Des coups de blues, Ofélia en a eu. « Ma famille, mes amis, mon île me manquent parfois terriblement. » Mais, son mariage, en 2001, et la naissance de ses deux enfants l'ont aidée à surmonter ces moments difficiles. Pendant sept ans, Ofélia tourne dans les différentes structures du secteur de psychiatrie adulte de Sainte-Anne : unité d'hospitalisation à temps plein, centre d'accueil et de crise, CMP, hôpital de jour. Elle cherche alors à évoluer. On lui parle de l'école des cadres comme d'une piste intéressante à creuser. « J'aime beaucoup la gestion et l'organisation. Mais, sans les encouragements de mon cadre, je ne me serais peut-être pas lancée, car j'avais peur de ne pas avoir le niveau à l'écrit. »
Aujourd'hui, Ofélia est cadre de santé à Sainte-Anne, dans le service du Dr. Petit Jean (secteur 17). « J'ai beaucoup étudié pour être au niveau. Je me suis aussi investie dans des groupes de travail transversaux sur la qualité, les droits et devoirs des patients. Ça a été deux années de stress, où il fallait tout conjuguer en même temps : les enfants, le mari, les études... » Mais elle ne regrette rien. « J'ai une vision plus globale du service, je dois assurer la continuité des soins tous les jours, 7 jours sur 7 ».
La position de cadre est à un carrefour, ce qui n'est pas toujours facile. « Je reste en contact avec le cadre de proximité, participe au projet de soins des patients et à de nombreux staffs où nous réfléchissons tous ensemble à des situations cliniques.
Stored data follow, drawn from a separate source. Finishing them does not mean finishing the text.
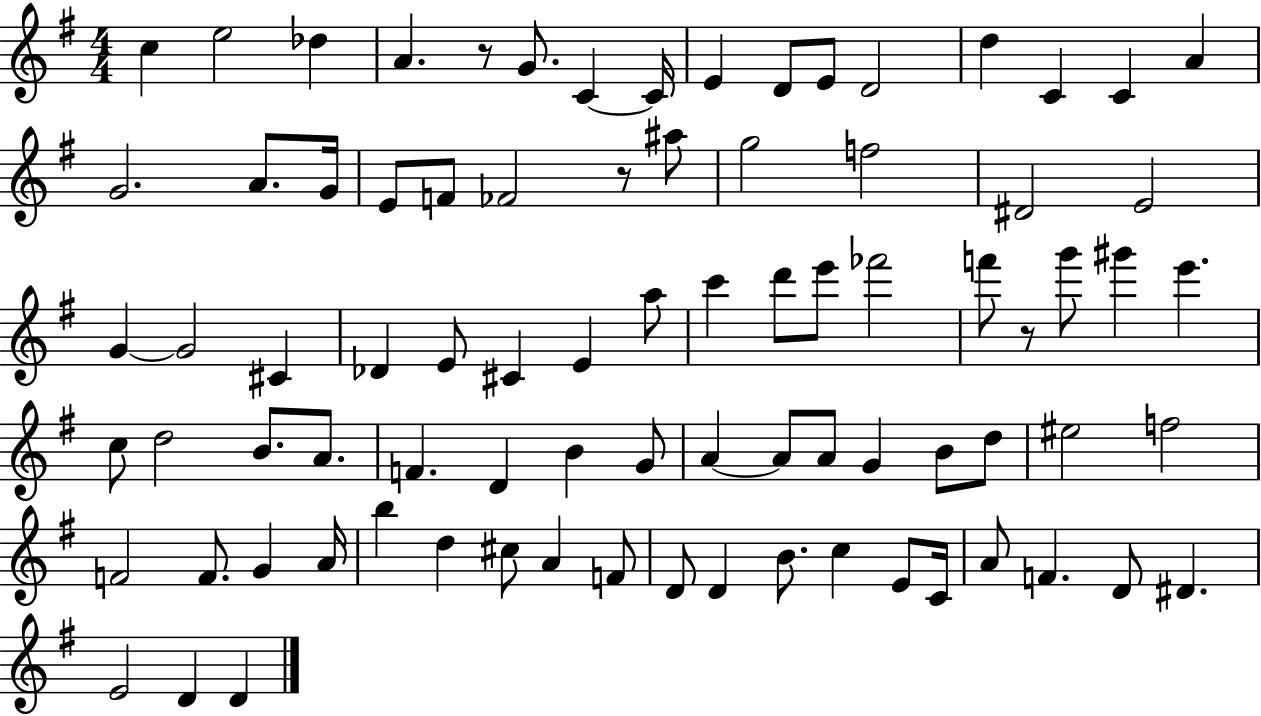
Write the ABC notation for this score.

X:1
T:Untitled
M:4/4
L:1/4
K:G
c e2 _d A z/2 G/2 C C/4 E D/2 E/2 D2 d C C A G2 A/2 G/4 E/2 F/2 _F2 z/2 ^a/2 g2 f2 ^D2 E2 G G2 ^C _D E/2 ^C E a/2 c' d'/2 e'/2 _f'2 f'/2 z/2 g'/2 ^g' e' c/2 d2 B/2 A/2 F D B G/2 A A/2 A/2 G B/2 d/2 ^e2 f2 F2 F/2 G A/4 b d ^c/2 A F/2 D/2 D B/2 c E/2 C/4 A/2 F D/2 ^D E2 D D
C'est ça la richesse d'être cadre après avoir été treize ans sur le terrain ! »
À la maison, Ofélia parle espagnol avec ses enfants, pour leur inculquer la culture hispanique, car c'est une richesse qu'il faut entretenir. « Moi, je suis fière d'être espagnole, je suis fière d'être infirmière, et fière d'avoir réussi en France ! »
- 1970 : naissance à Las Palmas de Grande Canarie (Espagne).
- 1993 : licence universitaire en soins infirmiers, université de Las Palmas de Grande Canarie.
- 1999 : Ofélia emménage à Paris, premier poste à Sainte-Anne.
- 2006 : master de psychologie, spécialité psychologie clinique, faculté de psychologie, Madrid, Espagne.
- 2006-2007 : management gestion de santé : université Paris XII Val-de-Marne.
- 2006-2007 : diplôme de cadre de santé, École supérieure Montsouris, Paris.